Abstract Introduction Methods Results Discussion References

Experimental Design.  At Day 1 of pregnancy, 40 female rats were assigned to one of four treatments in a 2 × 2 factorial design: 1) very low chromium diet (40 µg chromium/kg diet) with citrate buffer injection, 2) very low chromium diet with STZ (a potent pancreatic -cell toxin) injection (30 mg STZ/kg body weight in citrate buffer), 3) adequate chromium diet (2 mg chromium from CrK(SO₄)₂/kg diet) with citrate buffer injection and 4) adequate chromium diet with STZ injection. The STZ was obtained from Sigma Chemical Co. (St. Louis, MO), solubilized in 1 mL of 0.1 M citrate buffer (pH 4.5) and injected into the tail vein. Treatments were applied on Day 1 of pregnancy, which was confirmed by the presence of a vaginal plug. The rats were bred at a mean (±SEM) weight of 267 ± 8 g and age of 126 ± 3 d; these measures did not significantly differ among treatment groups.

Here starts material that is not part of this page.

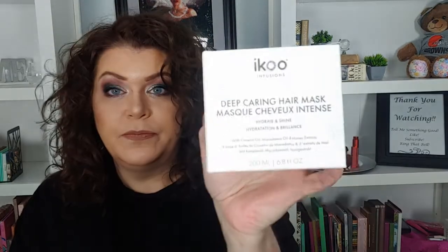This must be one of my hair choices. It is Iku Infusions deep caring hair mask. I love me a hair mask — it has camellia oil, macadamia oil, and honey extracts. I'm keeping it. I love me some hair products.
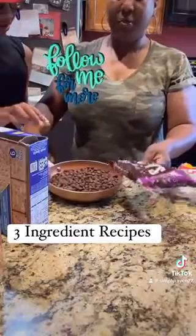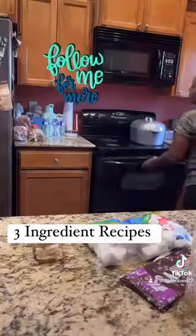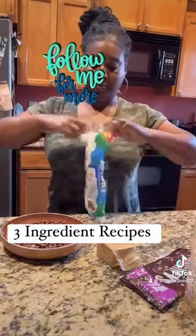So today we made oven baked s'mores and it was so simple. We just needed three ingredients: chocolate chips, marshmallows, and graham crackers.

Animals and diets.  Weanling female Sprague Dawley rats were obtained from Sasco Inc. (Omaha, NE) and raised in a light (12 h light: 12 h dark cycle) and temperature controlled (22 ± 1°C) environment in Plexiglass cages with plastic grate flooring. From 21 d of age until breeding, all rats were fed a low chromium diet similar to the AIN-93G formulation (Reeves et al. 1993) without added chromium, resulting in 70 µg chromium/kg diet (adaptation diet). Distilled, deionized water was provided for drinking water throughout the study. All rats were allowed free access to the diets and water, each of which were provided in ceramic dishes. All procedures were approved by the Oklahoma State University Animal Care and Use Committee.

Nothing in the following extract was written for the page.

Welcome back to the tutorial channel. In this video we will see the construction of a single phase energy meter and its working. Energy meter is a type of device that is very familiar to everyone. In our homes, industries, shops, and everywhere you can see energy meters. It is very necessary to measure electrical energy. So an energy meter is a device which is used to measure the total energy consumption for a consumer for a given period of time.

Before use, all diet ingredients were analyzed for chromium content following a modification of the method described by Hill et al. (1986) using a Perkin Elmer 5100PC atomic absorption spectrophotometer equipped with a graphite furnace with Zeeman background correction. Cornstarch, casein, dextrose and Celufil were obtained from Harlan Teklad (Madison, WI), whereas sugar and soybean oil were bought from a retail store. The low chromium treatment diet was prepared utilizing ingredients lowest in chromium following the AIN-76 (AIN, 1977) semi-purified rat diet recommendations without the addition of chromium. Adequate chromium diet was the low chromium treatment diet with CrK(SO₄)₂ added to the mineral mix following AIN-76 recommendations (AIN, 1977). Prepregnancy and pregnancy diet compositions are outlined in Table 1.

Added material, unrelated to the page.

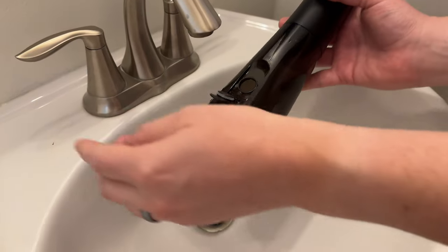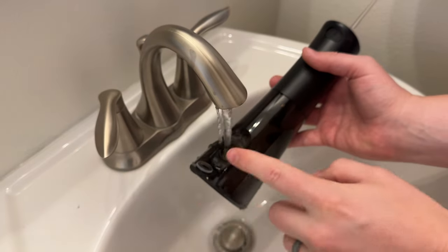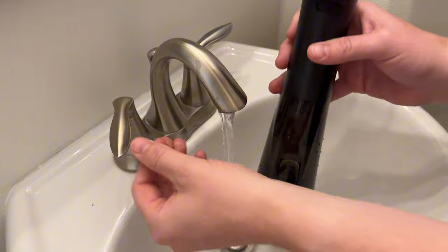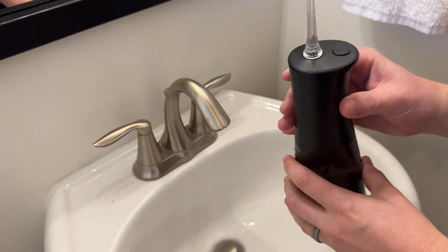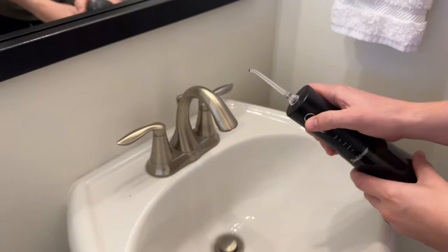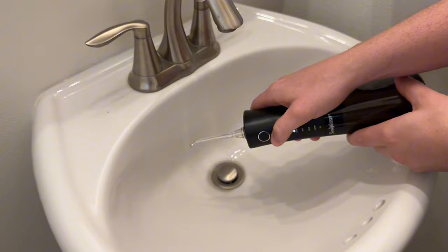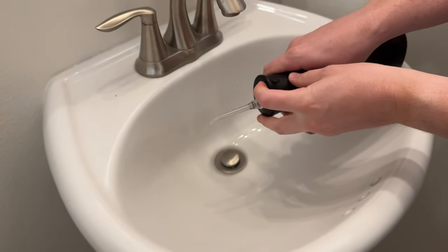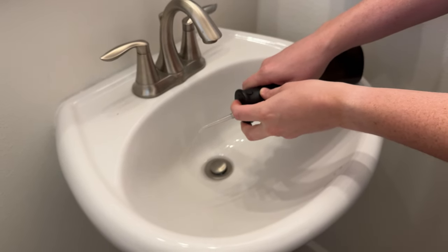To fill it up, we're going to pop this open and put some water in it. The nice thing is you could add a little mouthwash or other things — it's not just water, you could also add warm water. We're going to turn this on, which is just this on/off button on the side, and now it's going to start to squirt. There's a button on the top which allows the nozzle to rotate.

Sample collection and analyses.  On Day 17 of pregnancy, urine samples were collected over a 12-h period and stored at 20°C until they were assayed for hydroxyproline concentrations to determine connective tissue metabolism. On Day 20, the nonfasted dams were anesthetized with a combination of ketamine hydrochloride and xylazine, after which the fetuses were removed by C-section and decapitated for fetal blood collection in heparinized capillary tubes. Fetal blood was pooled in heparinized microcentrifuge tubes on ice. After all the fetuses were removed, the dams were exsanguinated by cardiac puncture and the blood mixed gently with 100 U of heparin, after which maternal tissues were removed and frozen. Maternal and fetal plasma was separated and stored at 20°C. Embryo loss was used to estimate embryonic survival by subtracting the number of viable fetuses per litter from the total number of corpora lutea observed on the ovaries.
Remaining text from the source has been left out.